SOI ET NON-SOI, immunologie
Dynamique de l'immunité
En réalité, les cellules du système immunitaire n'épargnent pas du tout notre soi. Elles consomment toutes les ressources disponibles. Les micro-organismes sont une telle ressource, mais les constituants tissulaires accessibles en sont une autre. Les cellules du système immunitaire capturent les fragments de protéines, de cellules mortes, les bactéries, les virus, tout ce qui est à leur portée. Comment expliquer alors que, dans la situation « normale », notre organisme ne semble pas s'autodétruire ? La réponse est que les globules blancs consomment nos propres cellules et tissus à la vitesse où ils se reproduisent. Cela explique la stabilité apparente de l'ensemble, l'impression que nous avons qu'il ne se passe rien. Finalement, les conséquences immunologiques dépendent de la dynamique des consommations et des productions et non des caractéristiques structurales des constituants. Ainsi le soi se définit-il comme ce qui est détruit et produit à la même vitesse. Cette règle est valable pour n'importe quel élément présent, même pour un agent infectieux. S'il est détruit plus vite qu'il ne se reproduit, il sera éliminé. Tout va bien dans ce cas. Le microbe étranger est chassé et le corps est respecté. Le soi et le non-soi sont à la place définie par la théorie, mais surtout par nos vœux les plus chers ! Malheureusement, il peut arriver que la destruction d'un agent infectieux compense mal sa prolifération. C'est le cas, par exemple, pour le sida ou les hépatites virales chroniques : le micro-organisme persiste à long terme dans l'organisme. Le « corps étranger » s'installe dans le « corps ». La théorie est aussi malade que l'organisme.
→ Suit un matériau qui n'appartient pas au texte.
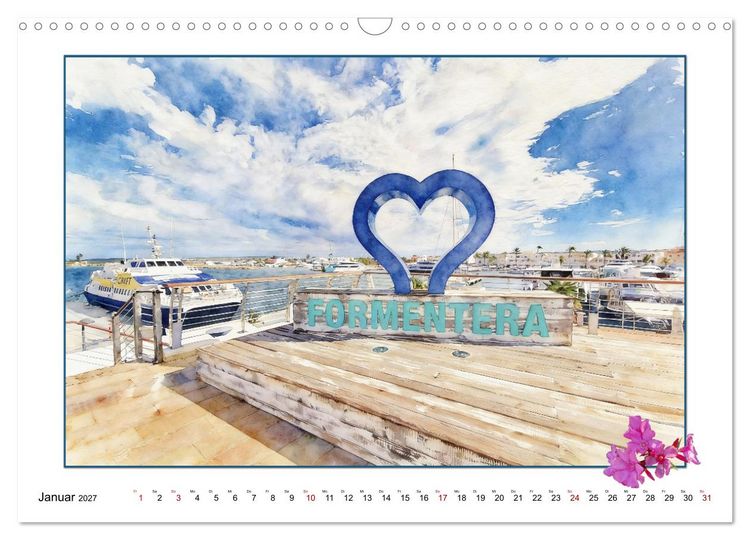 Produktbild: Karibisches Flair auf Formentera (Wandkalender 2027 DIN A3 quer), CALVENDO Monatskalender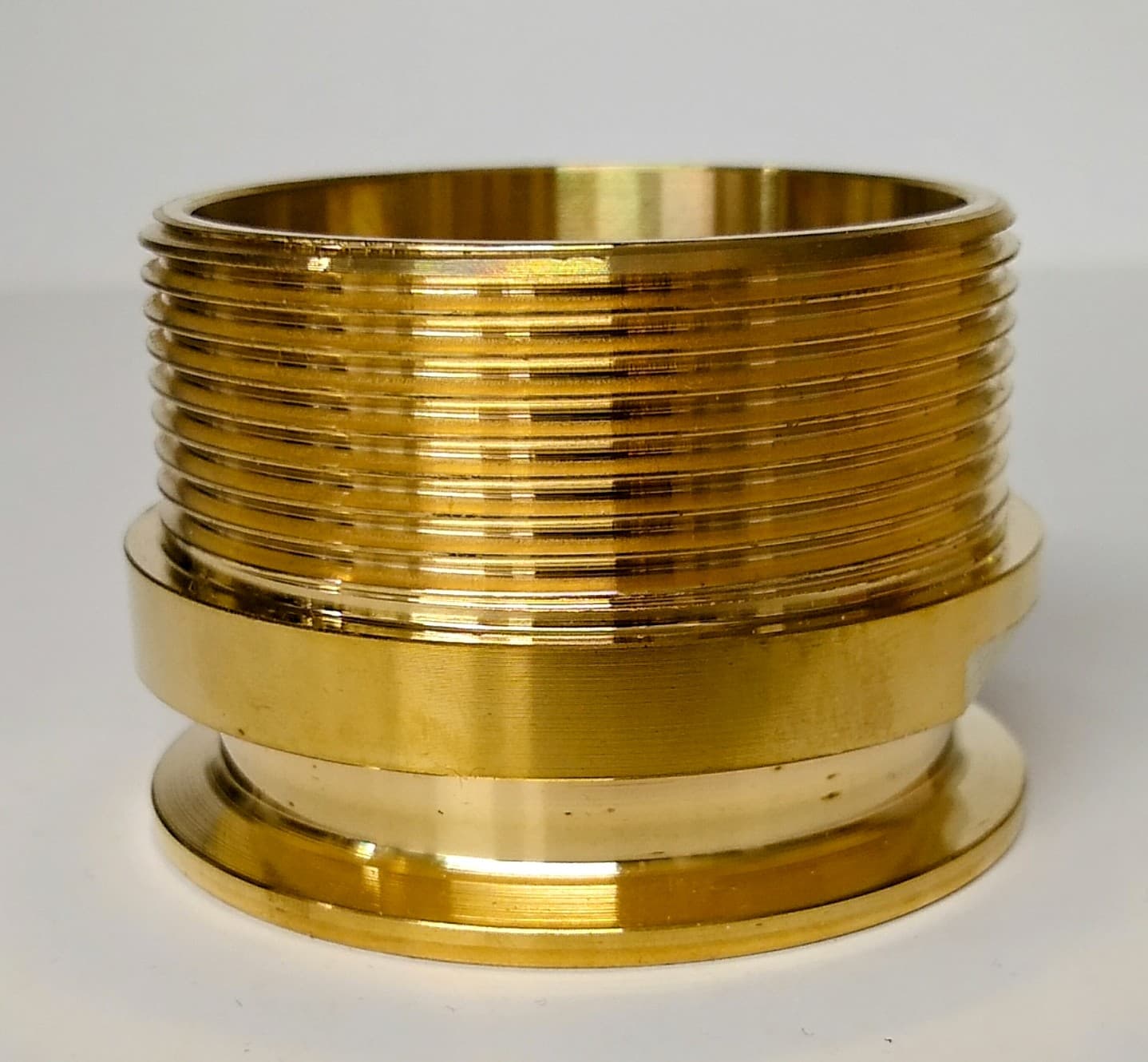 Pure Distilling Condenser Adaptor | 60mm Male thread X 2" Tri Clover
Les notions de soi et de non-soi, si on les définit de manière fixiste, en fonction de leur seule structure, ne correspondent pas à la réalité. Une définition dynamique, qui repose non pas sur les structures en elles-mêmes mais sur la vitesse à laquelle elles sont produites et détruites, redéfinit notre identité non comme celle d'un objet figé, mais plutôt comme La Barque de Delphes (Antoine Danchin, 1998) : ses planches sont sans cesse renouvelées, elle reste néanmoins une barque.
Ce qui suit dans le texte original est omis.